* [What the exercise asks] Write out the data exactly from its first line onward, ending with the line in which "A two-story house with a garage is for sale." appears.

* [Study material]
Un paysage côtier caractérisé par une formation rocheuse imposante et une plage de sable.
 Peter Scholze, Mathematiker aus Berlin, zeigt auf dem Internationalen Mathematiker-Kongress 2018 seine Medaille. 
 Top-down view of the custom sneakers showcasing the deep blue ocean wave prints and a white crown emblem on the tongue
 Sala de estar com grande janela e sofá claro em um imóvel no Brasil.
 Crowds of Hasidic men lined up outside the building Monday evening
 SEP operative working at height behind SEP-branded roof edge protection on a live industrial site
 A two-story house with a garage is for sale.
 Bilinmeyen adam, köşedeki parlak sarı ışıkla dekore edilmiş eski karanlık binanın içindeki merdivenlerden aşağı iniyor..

* [Response below]
Un paysage côtier caractérisé par une formation rocheuse imposante et une plage de sable.
 Peter Scholze, Mathematiker aus Berlin, zeigt auf dem Internationalen Mathematiker-Kongress 2018 seine Medaille. 
 Top-down view of the custom sneakers showcasing the deep blue ocean wave prints and a white crown emblem on the tongue
 Sala de estar com grande janela e sofá claro em um imóvel no Brasil.
 Crowds of Hasidic men lined up outside the building Monday evening
 SEP operative working at height behind SEP-branded roof edge protection on a live industrial site
 A two-story house with a garage is for sale.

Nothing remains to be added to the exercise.